§ Data excerpt
****************

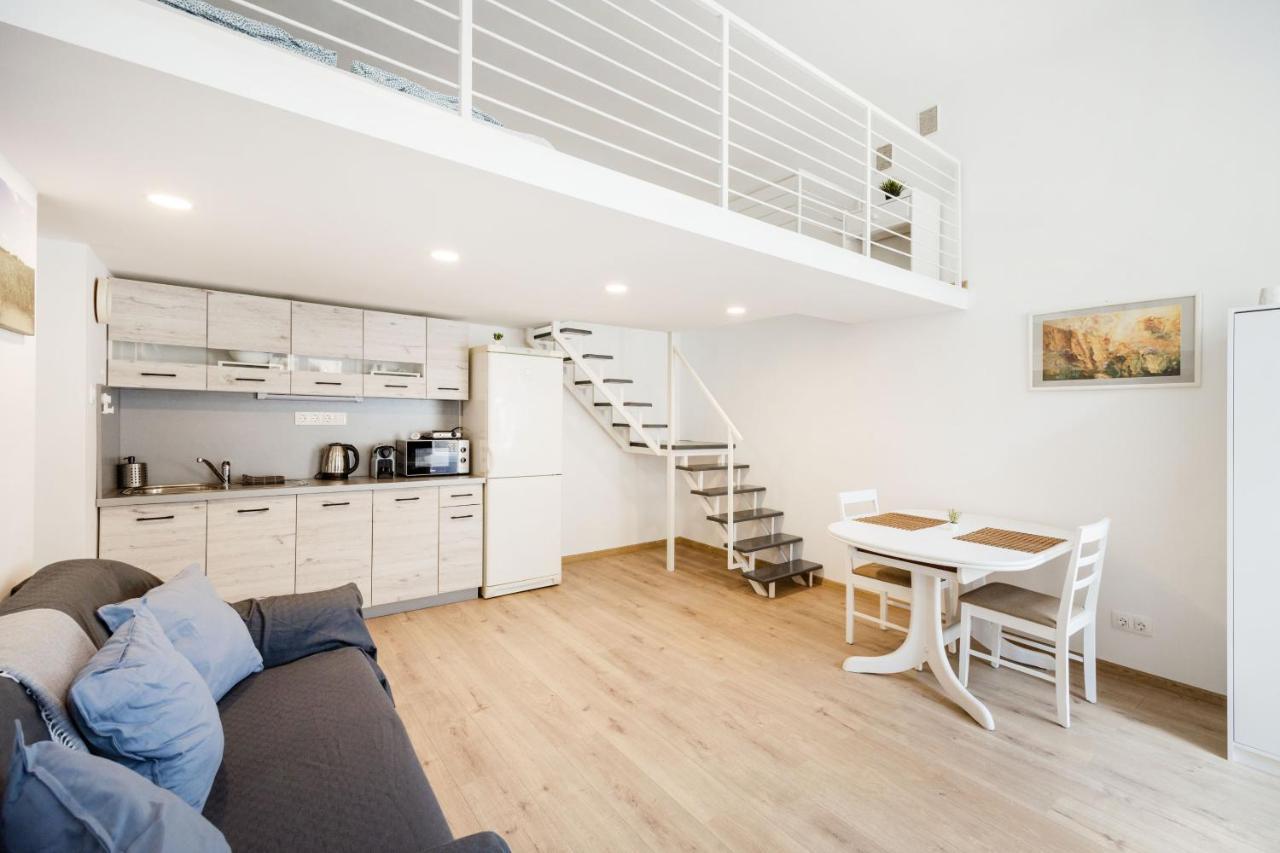 V12 Apartments Budapest Bagian luar foto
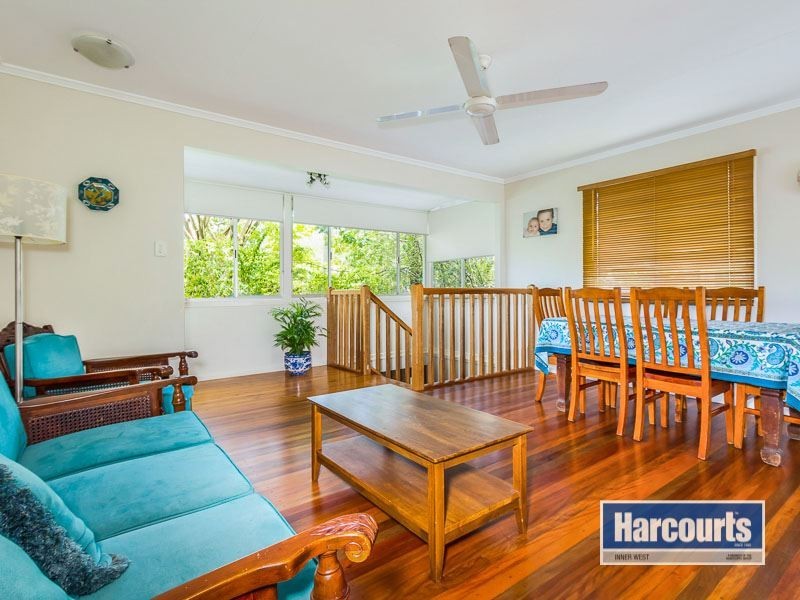 239 Patricks Road, Ferny Hills QLD 4055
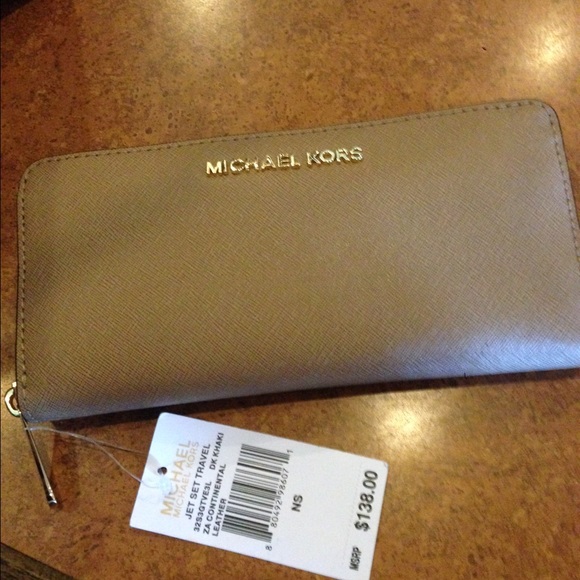 Authentic Michael Kors - Picture 3 of 3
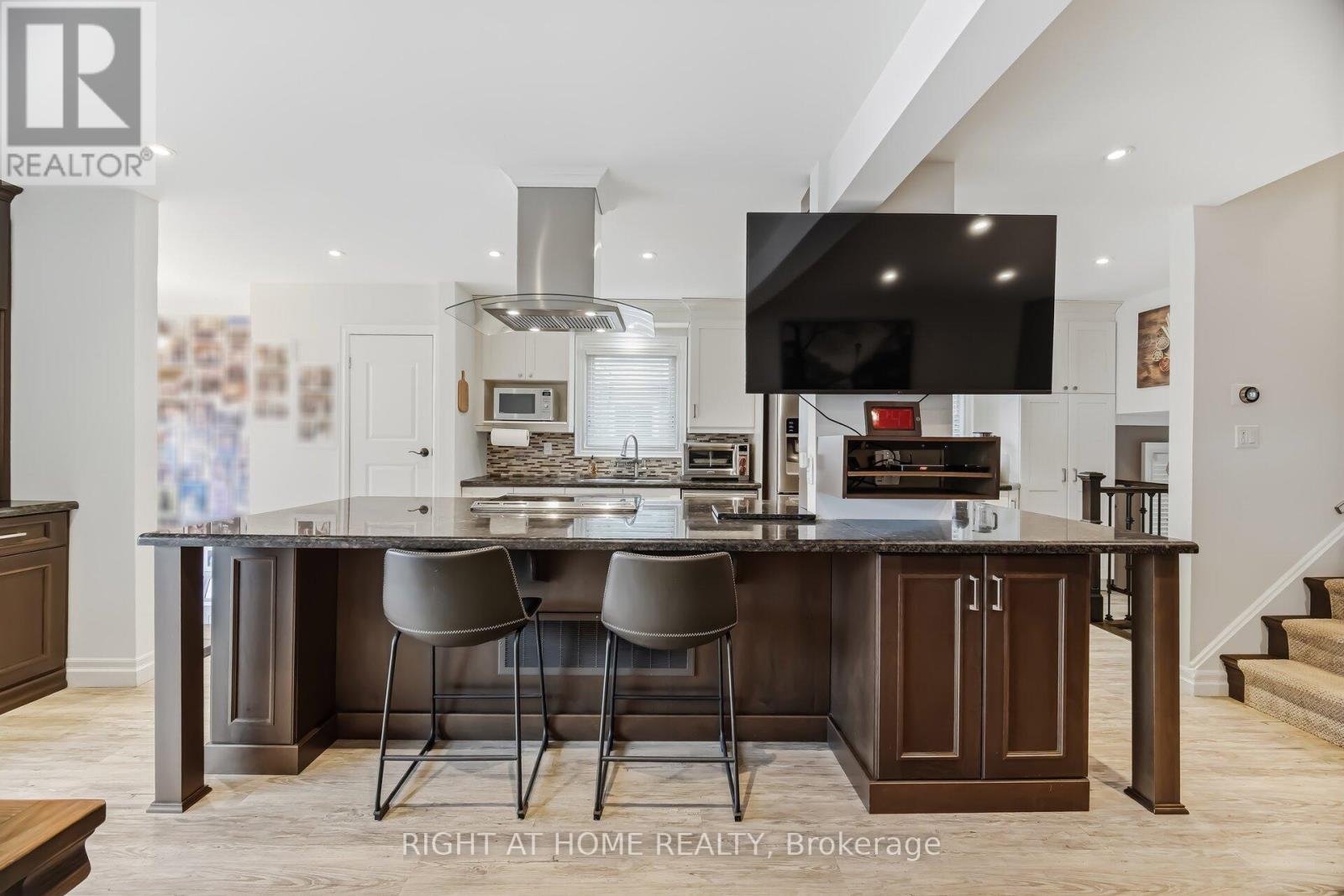 6370 Atherly Crescent, Mississauga, Ontario  L5N 2J2 - Photo 10 - W12913492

****************

§ Activity
Transcribe the lines above exactly, setting aside any picture among them.

§ Answer to this exercise
 V12 Apartments Budapest Bagian luar foto
 239 Patricks Road, Ferny Hills QLD 4055
 Authentic Michael Kors - Picture 3 of 3
 6370 Atherly Crescent, Mississauga, Ontario  L5N 2J2 - Photo 10 - W12913492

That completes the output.